Self Attention Geometric Intuition | How to Visualize Self Attention | CampusX
Based on CampusX's video on YouTube. If you like this content, support the original creators by watching, liking and subscribing to their content.
Self-attention turns token embeddings into context-aware representations by computing similarity weights between tokens and then taking a weighted sum of value vectors.
Briefing
Self-attention in Transformers can be visualized as a geometry-driven “pull” between word embeddings: each token’s new representation is a weighted combination of other tokens, where the weights come from similarity scores computed via dot products. That geometric intuition matters because it turns a dense block of matrix math into something you can picture—angles between vectors determine which words influence each other, and the softmax turns those similarities into attention weights.

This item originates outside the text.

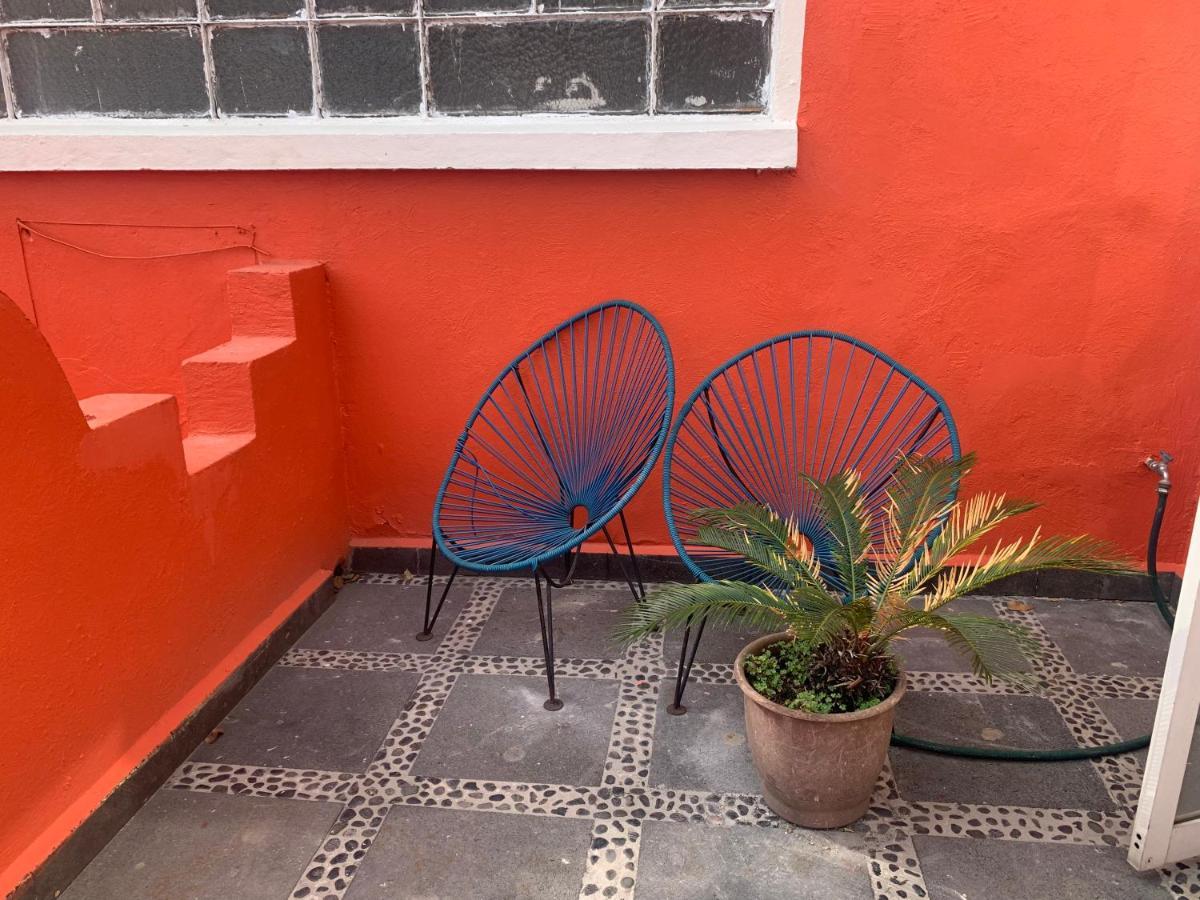 Villa Coyoacan Kota Meksiko Bagian luar foto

The walkthrough starts with a quick recap of the standard self-attention pipeline on a two-word example like “money bank.” First, each word gets an embedding vector (e.g., e_money and e_bank). Then three learned projection matrices—W_Q, W_K, and W_V—transform these embeddings into query, key, and value vectors. For each word, the model computes similarity scores by taking dot products between queries and keys (Q·K), scales them by 1/√d_k to control magnitude, and applies softmax to convert scores into normalized weights. Finally, each token’s output vector is formed as a weighted sum of value vectors (the V vectors), using those attention weights.

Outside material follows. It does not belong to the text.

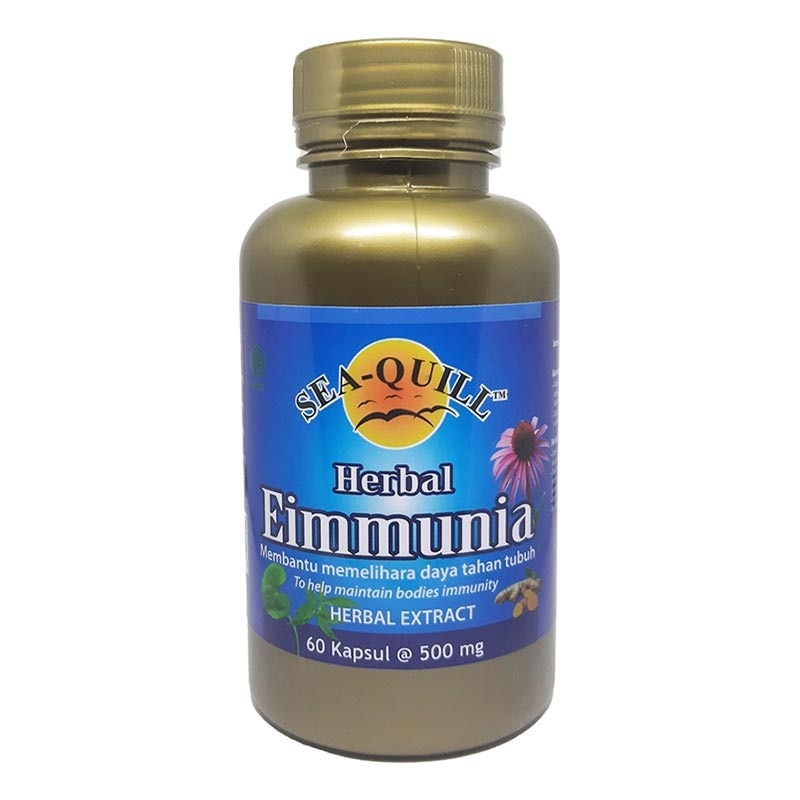 Sea-Quill Herbal Eimmunia 60'S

The core addition in this session is the geometric lens. Embeddings are treated as vectors in a space (the transcript uses a simplified 2D visualization for intuition, even though real embeddings are high-dimensional). The projection step is described as a linear transformation: dotting a vector with a matrix “moves” it into new vector directions, producing Q, K, and V. Next, similarity becomes geometry: the dot product is tied to the angle between vectors—smaller angular distance yields a larger dot product, which yields larger attention after scaling and softmax.
Using the “money bank” pair, the intuition is that the “bank” token’s output vector (y_bank) shifts toward the “money” token’s embedding direction after attention is applied. In the transcript’s comparison, the original bank embedding sits farther away, but the self-attended bank representation ends up much closer to money. That’s framed as gravity-like behavior: the context word “money” pulls “bank” into a context-appropriate meaning.

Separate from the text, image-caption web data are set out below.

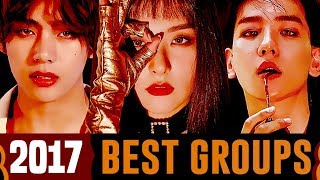 4 Best Kpop Groups Of 2017 4 Best Kpop Groups Of 2017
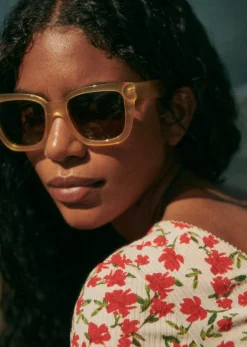 Sezane Solaires|Lunettes De Soleil Mila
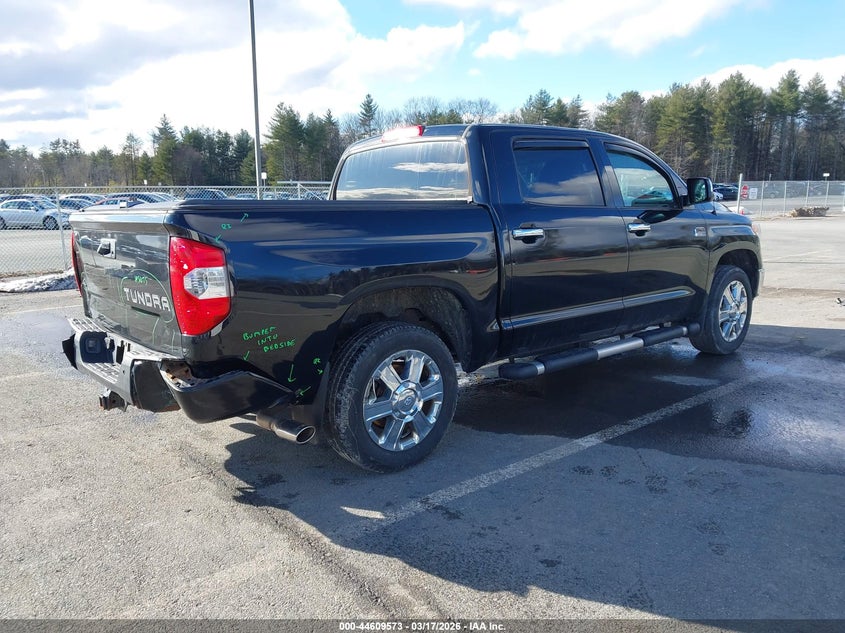 2016 Toyota Tundra 1794 5.7L V8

The explanation extends this idea to counterfactual context. If the surrounding word were “river” instead of “money,” the model would pull “bank” toward the “river” context, producing a different contextual representation. The mechanism is described as context-aware because attention weights depend on the current sentence’s token relationships—learned patterns from the dataset decide which words should influence each other.
To make the geometry feel tangible, the transcript also references embedding visualizations using dimensionality reduction (PCA) to project high-dimensional word vectors into 2D/3D plots. In those plots, semantically related words cluster together, reinforcing the idea that embeddings encode meaning as spatial relationships. Overall, the takeaway is that self-attention is not just computation—it’s a context-driven re-composition of token meaning based on vector similarity and weighted aggregation.
Cornell Notes
Self-attention can be understood geometrically: word embeddings are vectors, and attention weights come from how closely aligned (angled) query and key vectors are. Dot products measure similarity, scaling by 1/√d_k stabilizes the scores, and softmax converts them into weights. Each token’s new representation is then a weighted sum of value vectors, so the output moves toward the most relevant context tokens. In the “money bank” example, the “bank” representation shifts closer to “money,” illustrating context-aware meaning; swapping “money” for “river” would shift “bank” toward “river” instead.
How does the transcript connect dot products to geometry in self-attention?
What role does scaling by 1/√d_k play in the attention computation?
Why does the transcript say self-attention “pulls” one word embedding toward another?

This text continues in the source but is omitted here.